Share your dilemmas and get honest opinions from other Mumsnetters.

To desperately want one more child that I can’t afford?

184 replies

Creation · 06/05/2020 08:47

I posted recently about our financial situation. Sorry, I’m not sure how to link the other thread.

I have two lovely DC which I am so grateful for. They are 6 and almost 4. I am 31.

Just to summarise, we have £1,500 credit card debt. A £15,000 loan which was mainly to purchase a car (we need 7 seats for reasons which are pretty outing). We have £1,400 in savings (some in a help to buy ISA, the rest in an instant access savings account).
I have just completed my studies and was hoping to find a job soon which is now unlikely. We don’t own our own home.

The thing is, I so desperately want to have another child. I know there are many people who could only dream of having 2 children so I do feel very selfish for feeling this way. I just know I have that love to give to another child, and a happy home which I wasn’t fortunate enough to have myself growing up.

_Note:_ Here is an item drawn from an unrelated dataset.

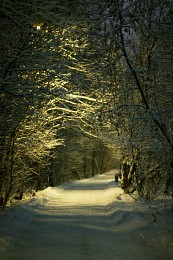 Winter alley / ***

I know I probably am BU, but has anyone else felt this way/been in this position?

OP posts:
Jaxhog · 06/05/2020 11:46

While I do sympathize, you'd be asking the rest of us to pay for your extra child, when many of us have decided we can't afford to have one. So no, it isn't reasonable.

Nixen · 06/05/2020 11:47

Wait till you’re 35 and see if you can afford it then

Fromthebirdsnest · 06/05/2020 11:49

I have 3 children , I don't need to work , we can afford private education for all of them + help them when they leave home with a substantial trust fund ... I would love another child my husband doesn't so I understand that it is difficult when you want another child & I would never begrudge people that need to claim benefits etc as not everyone is as lucky as we are and I don't think you need to be wealthy to have happy children , however if you have substantial debt and 2 children already think of the impact that will make on the quality of life for you and your children , if you have savings you should use that to pay off some of your debt , also if it's your goal to have another baby then aim to pay off your debt first , make a realistic budget and chip away as much as you can each month there are so many helpline ext to give advice to help you with debt such as stepchange that will help you work out a plan with your creditors (I have helped one of my husband's employees and they were brilliant , they had substantial debt and bailiffs knocking , we paid the bailiffs for him and stepchange sorted a manageable debt plan) .. But yabu to bring a baby in to the world that you cannot afford right now as hard as that is , however I do believe that you can get rid off your debt and then have a baby and it won't be as stressful and have a much better quality of life ☺ x

CherryTreeBlossoms · 06/05/2020 11:49

It is not selfish to want another child. It sounds like now is not the best time for you.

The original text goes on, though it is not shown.